[Start of section]

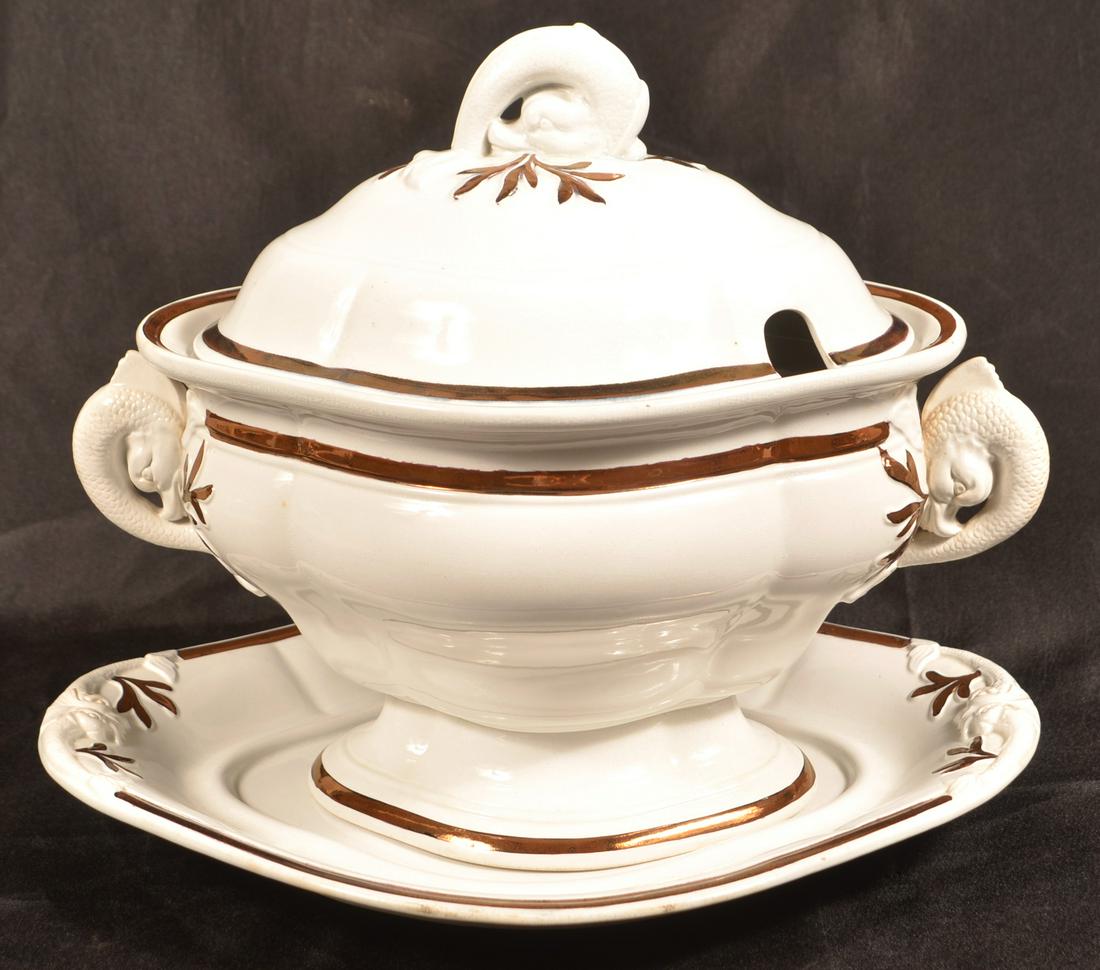 White Ironstone China Soup Tureen by J. Clementson.: White Ironstone China Soup Tureen by J. Clementson. Dolphin handles and finial with copper lustre highlights. 11-1/2"h. x 14-1/2"w. Undertray measures 12" x 15-1/4". Condition: Very good.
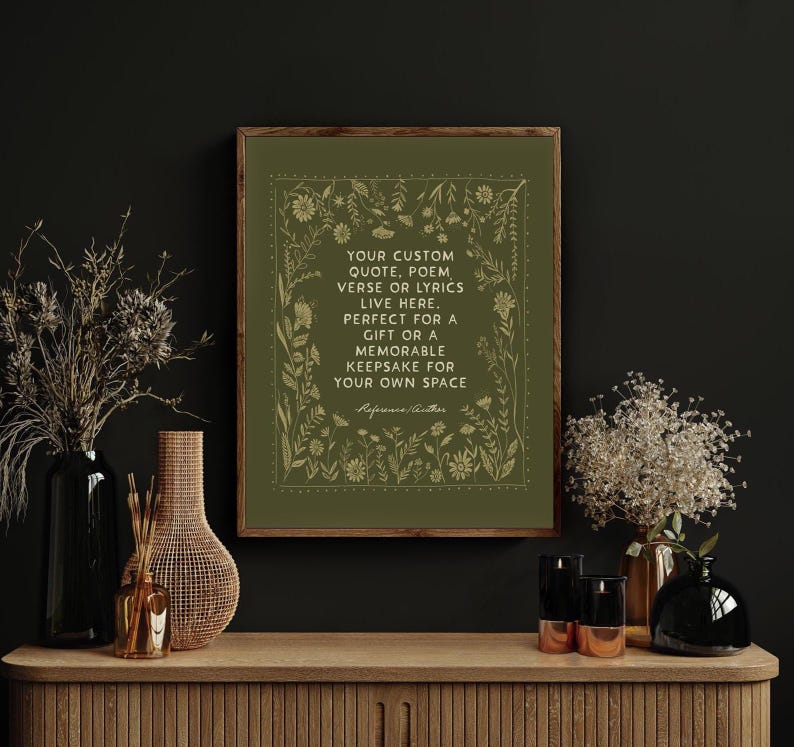 May include: A framed print with a green background and gold floral border. The text reads "YOUR CUSTOM QUOTE, POEM, VERSE OR LYRICS LIVE HERE. PERFECT FOR A GIFT OR A MEMORABLE KEEPSAKE FOR YOUR OWN SPACE." The print is displayed on a wooden cabinet.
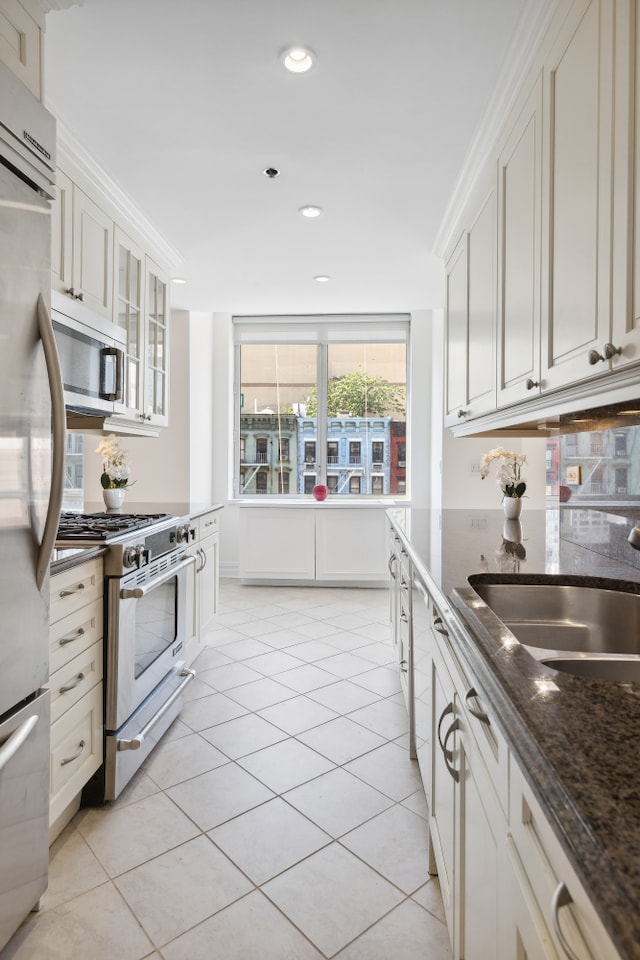 kitchen with light tile patterned flooring, stainless steel appliances, a sink, white cabinets, and dark stone countertops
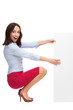 Businesswoman with blank sign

[End of section]

**TASK DIRECTIONS**
Take the listing above and print it exactly, apart from the pictures.

**YOUR SOLUTION**
 White Ironstone China Soup Tureen by J. Clementson.: White Ironstone China Soup Tureen by J. Clementson. Dolphin handles and finial with copper lustre highlights. 11-1/2"h. x 14-1/2"w. Undertray measures 12" x 15-1/4". Condition: Very good.
 May include: A framed print with a green background and gold floral border. The text reads "YOUR CUSTOM QUOTE, POEM, VERSE OR LYRICS LIVE HERE. PERFECT FOR A GIFT OR A MEMORABLE KEEPSAKE FOR YOUR OWN SPACE." The print is displayed on a wooden cabinet.
 kitchen with light tile patterned flooring, stainless steel appliances, a sink, white cabinets, and dark stone countertops
 Businesswoman with blank sign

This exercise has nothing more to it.